I admit, I now know I have made many mistakes in my relationship with my wife. None of them intentional but basically through lack of knowledge. Ever since we have been married, I was trying to be the "Nice Guy". I now know that was a huge mistake. I put her on a pedestal. I made her the object of my desire. I gave her everything I thought she wanted. I was agreeable to her wishes and I never really put up a fight to get my way. Now (years later) I am seeing the error of my ways. So I have been reading A LOT and learning A LOT and now I am trying to correct the errors .

The problem: My realization didn't come from any singular event in our marriage. I simply came to realize little by little that I was going down the wrong path and recently, after investigating it, realized I was all wrong. However, my wife isn't unhappy with the way I have been acting over the years. I am the one who has been unhappy. I have felt like while trying to bend over backwards to please her she has been taking advantage of me and using my "desire to please" to take advantage of me and control me. Now I am standing up for myself and expressing my option more and saying what is on my mind, even if she doesn't like what I have to say. She is not happy about my change at all. I can tell, she does not like me being a strong husband. Her mother ran her household when she was growing up and her father was a real wimp. I think she expects the same in our marriage, which is why she has been happily going along with my passive behavior all this time. Now that I am standing up for myself she is trying harder to put me down. We fight a lot more now. She seems like she is losing control of something she has had for a long time and she doesn't know how to deal with it. I'm not sure where this will lead, but I know I am not going back to the passive person I used to be. I don't want to split up.

I just want to mention that I have not gone to the other extreme and I'm not trying to dominate her or tell her what to do or control her. I am simply standing up for myself. I am not giving in when I have my own opinion on important matters and I when she takes advantage of me or acts selfishly towards me, I let her know that I don't like it and ask her to stop.

I'm just looking for a little advice as I have not been down this road before and I don't know where it is heading.


----------



## Chris Taylor (Jul 22, 2010)

charlie and I could be twins, or at least married to the same woman! 

The problem is that she probably won't change. She saw how her mother did it (like my wife saw how her mother did it) and feels it has worked in the marriage until now.

If you haven't been married that long, you may have a chance but I don't think so (sorry). It is ingrained into her psyche that she rules, you follow.

I thought marriage counseling would help, but it will only be another person telling your wife that she is over-controlling and when that happens, she will resist going back to counseling.


----------



## testing123 (Jan 9, 2012)

Chris Taylor said:


> charlie and I could be twins, or at least married to the same woman!
> 
> The problem is that she probably won't change. She saw how her mother did it (like my wife saw how her mother did it) and feels it has worked in the marriage until now.
> 
> ...


I don't believe that people don't change. And the reason I don't believe it is because I'm working on being one of them and I'm making progress.
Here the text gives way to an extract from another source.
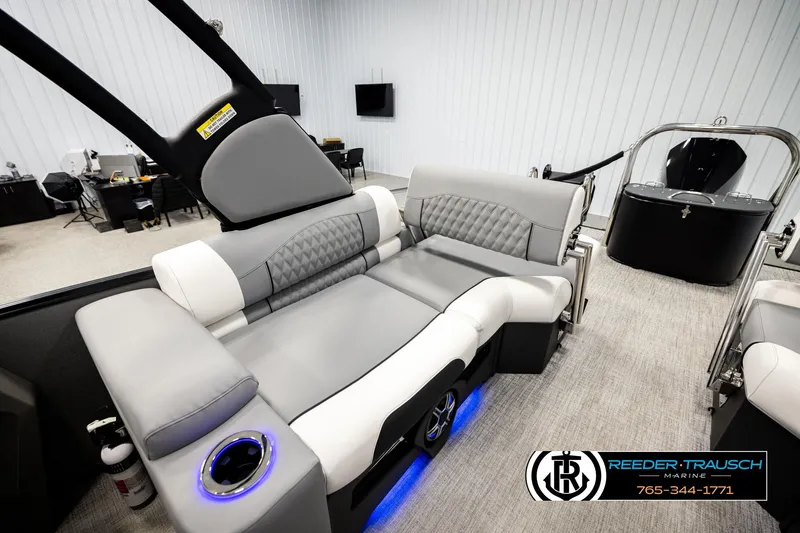 Slide: The Image of Luxurious interior of 2026 Avalon CAT QLS boat with plush seating and modern design. - 25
It is all in how you think. I believe that the original poster if he handles himself properly will be able to change his wifes reaction to certain situations. He is being emotionally abused by his wife from her controlling demeanor, and it is possible for him to stop it he just needs to be equipped with the right tools.

There are many books out there on how to deal with someone who is controlling, I suggest first a counsellor and then start some reading....


----------



## Kobo (May 13, 2010)

Your changes are for you not her. Whether she leaves or not should not really be a concern. I say this just based on your tale of events. If you are being a reasonable man then you should expect a reasonable partner. Don't get drawn into arguments over foolishness any longer. When you do you're letting her know she has enough power to control your emotions and that may be enough to keep her controlling nature satisfied. Have a discussion, say your piece and move on. Once she's lost that power she'll have to either s&*t or get off the pot.


----------



## AFEH (May 18, 2010)

testing123 said:


> I don't believe that people don't change. And the reason I don't believe it is because I'm working on being one of them and I'm making progress.
> 
> It is all in how you think. I believe that the original poster if he handles himself properly will be able to change his wifes reaction to certain situations. He is being emotionally abused by his wife from her controlling demeanor, and it is possible for him to stop it he just needs to be equipped with the right tools.
> 
> There are many books out there on how to deal with someone who is controlling, I suggest first a counsellor and then start some reading....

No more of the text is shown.